**EXERCISE GOAL:** Using the entries that follow, transcribe only the lines from the line with "beautiful little schoolgirl" to the line with "Silver 925 beaded", both included, exactly as they stand and without pictures.

**LISTED ENTRIES:**
________________________

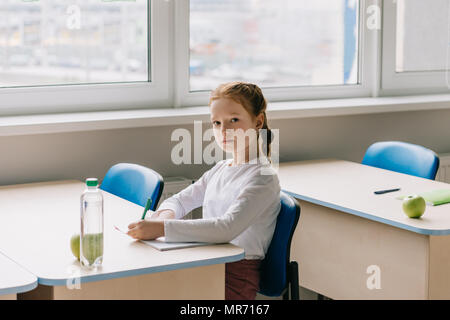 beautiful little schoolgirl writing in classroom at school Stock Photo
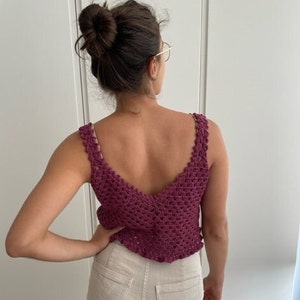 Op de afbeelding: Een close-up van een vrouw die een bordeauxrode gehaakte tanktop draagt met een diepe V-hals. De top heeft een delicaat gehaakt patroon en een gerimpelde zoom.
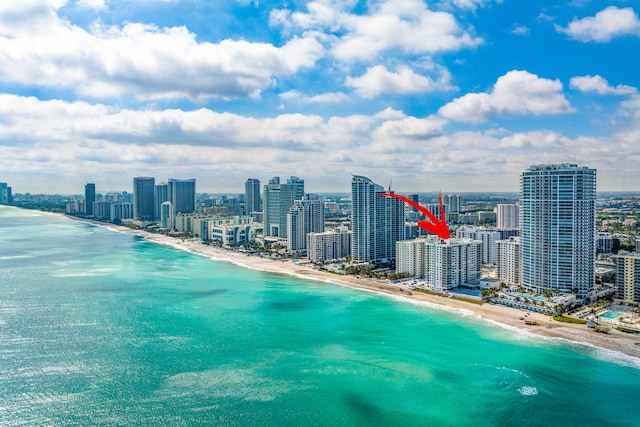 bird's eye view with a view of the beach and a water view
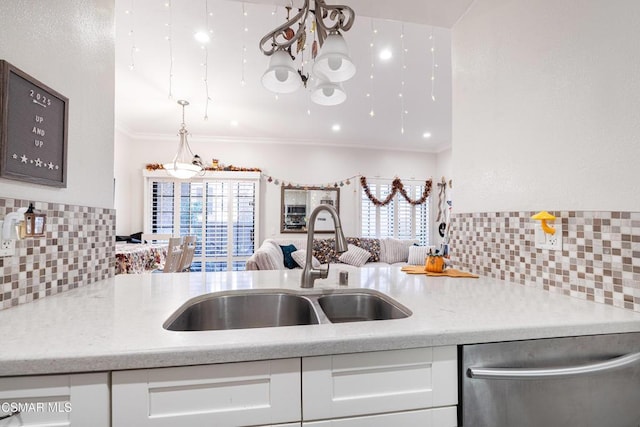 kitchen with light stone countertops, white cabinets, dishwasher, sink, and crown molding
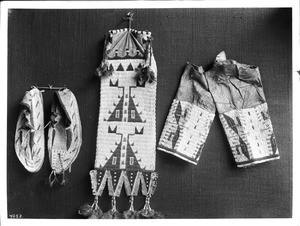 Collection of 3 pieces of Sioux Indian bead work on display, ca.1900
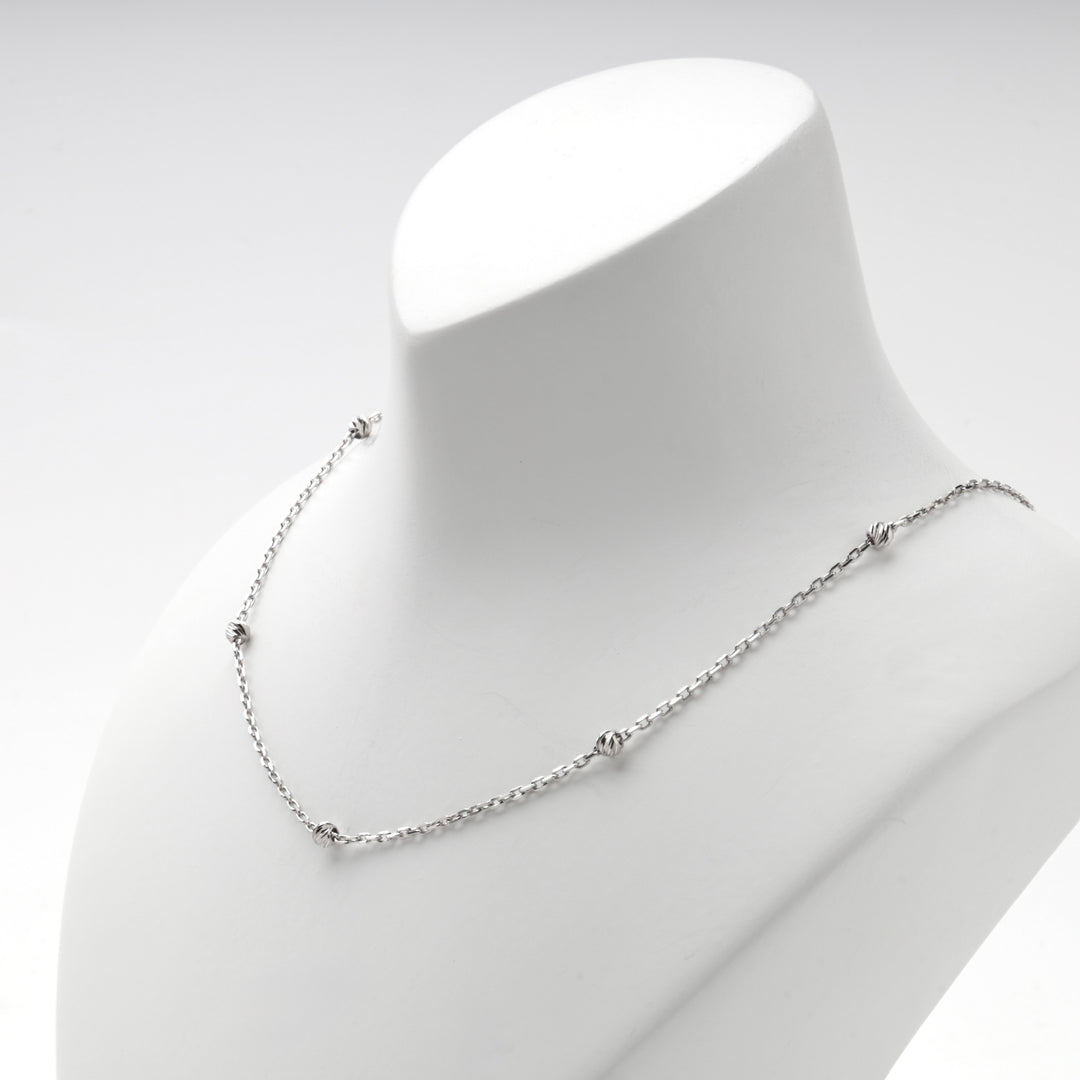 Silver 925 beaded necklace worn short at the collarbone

________________________

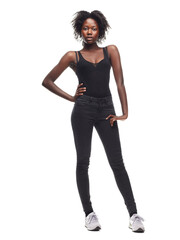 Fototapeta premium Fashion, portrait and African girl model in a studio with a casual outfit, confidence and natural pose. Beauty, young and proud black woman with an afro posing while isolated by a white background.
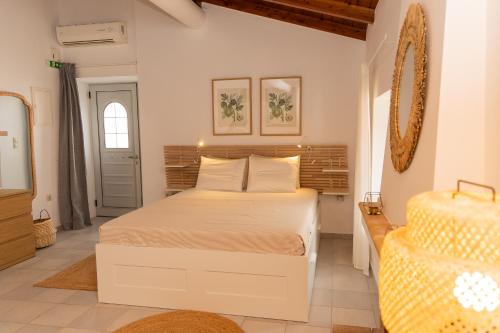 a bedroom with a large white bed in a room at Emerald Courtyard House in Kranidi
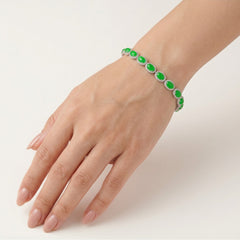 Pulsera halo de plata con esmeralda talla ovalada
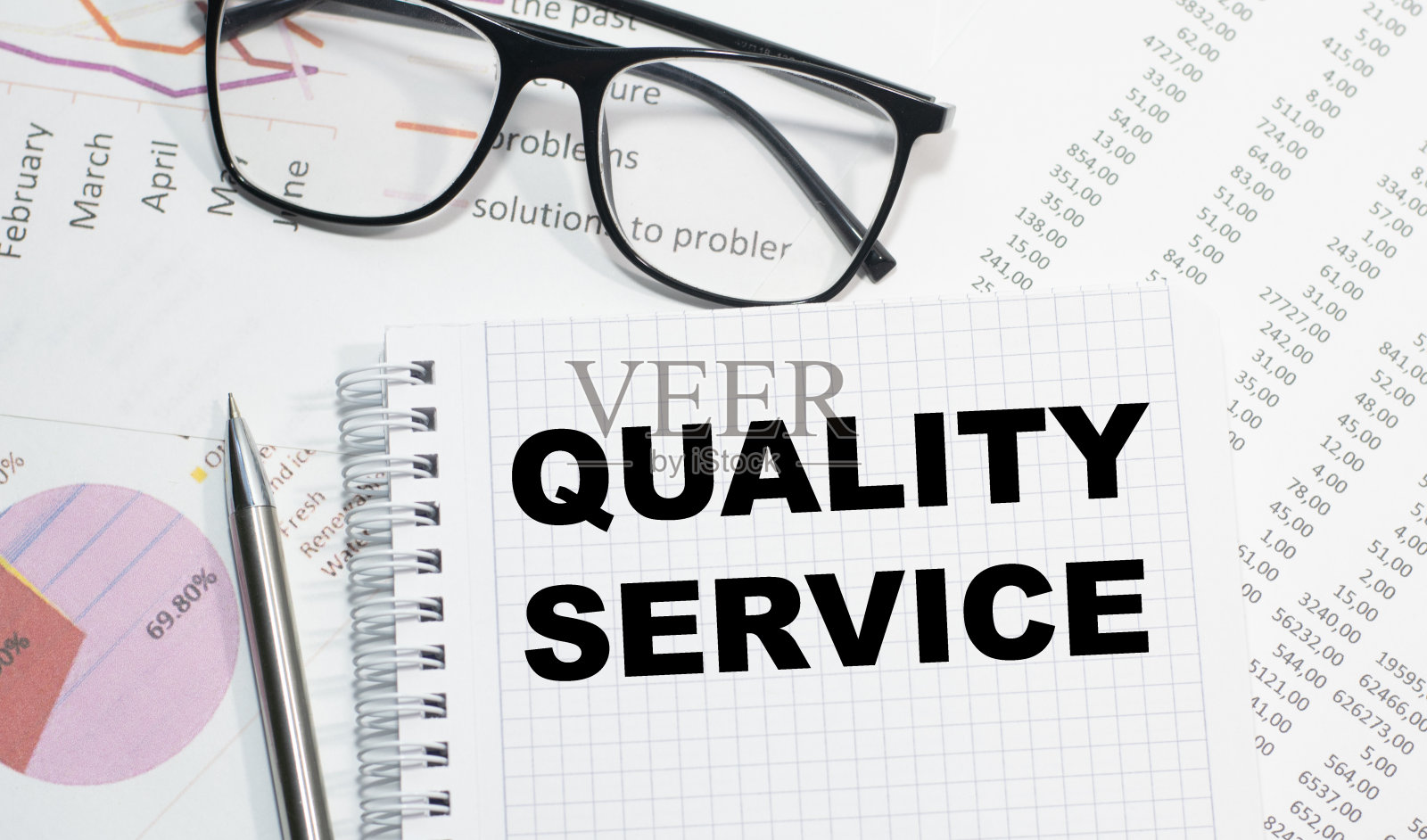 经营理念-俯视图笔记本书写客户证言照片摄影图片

________________________

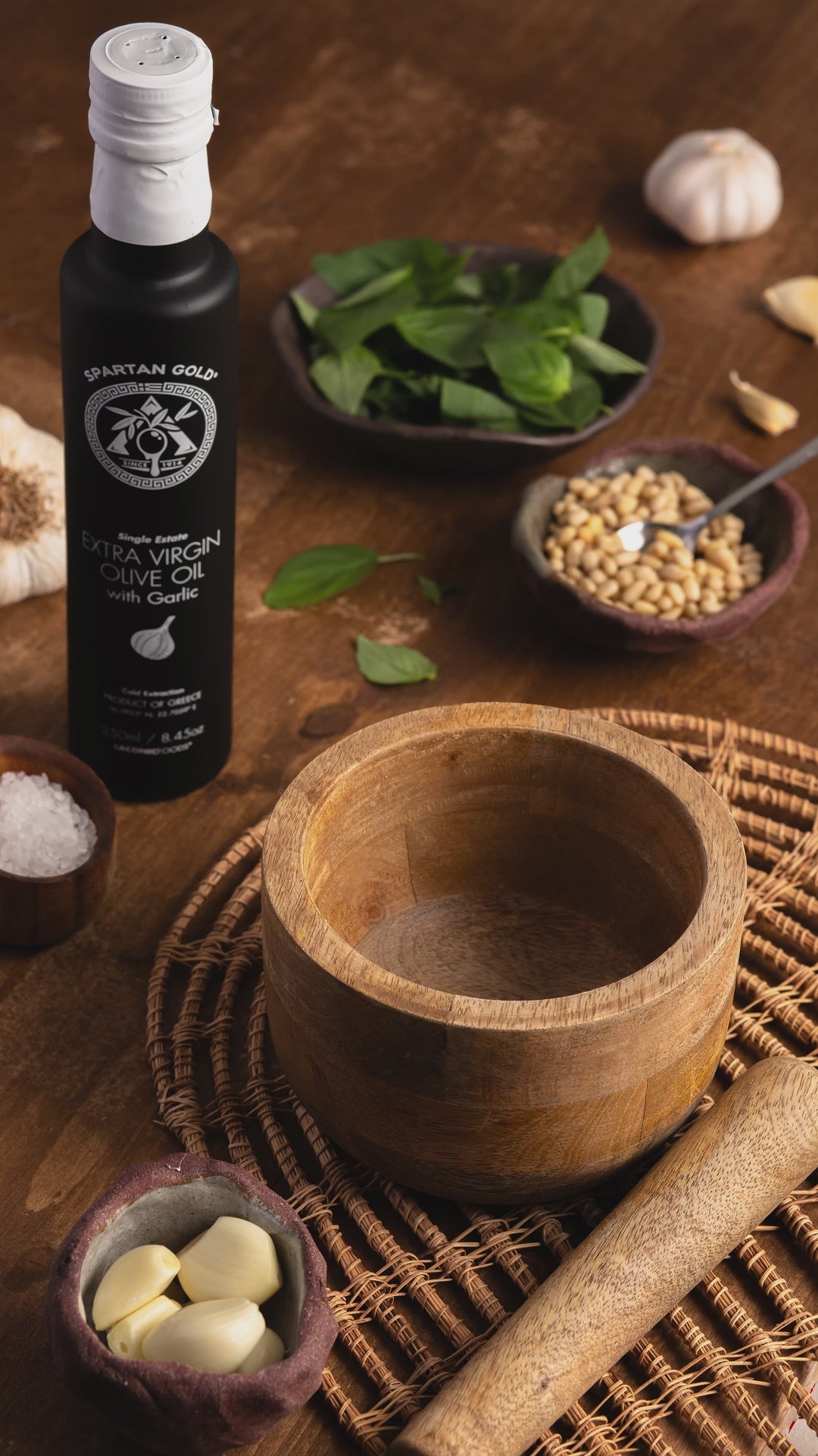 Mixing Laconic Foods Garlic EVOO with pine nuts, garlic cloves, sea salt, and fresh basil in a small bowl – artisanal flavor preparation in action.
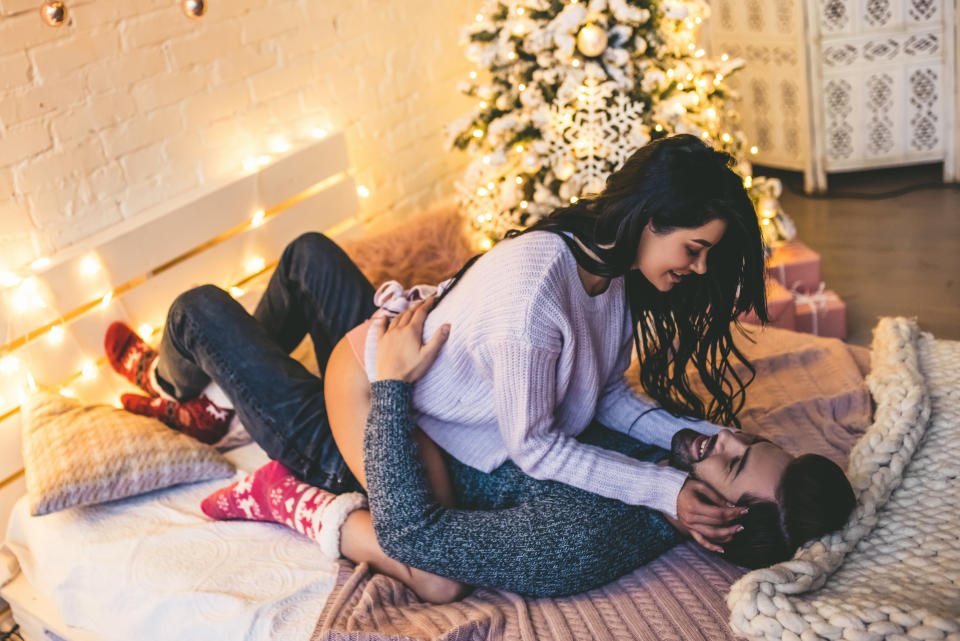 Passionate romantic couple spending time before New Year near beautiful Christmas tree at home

________________________

**REPLY:**
 beautiful little schoolgirl writing in classroom at school Stock Photo
 Op de afbeelding: Een close-up van een vrouw die een bordeauxrode gehaakte tanktop draagt met een diepe V-hals. De top heeft een delicaat gehaakt patroon en een gerimpelde zoom.
 bird's eye view with a view of the beach and a water view
 kitchen with light stone countertops, white cabinets, dishwasher, sink, and crown molding
 Collection of 3 pieces of Sioux Indian bead work on display, ca.1900
 Silver 925 beaded necklace worn short at the collarbone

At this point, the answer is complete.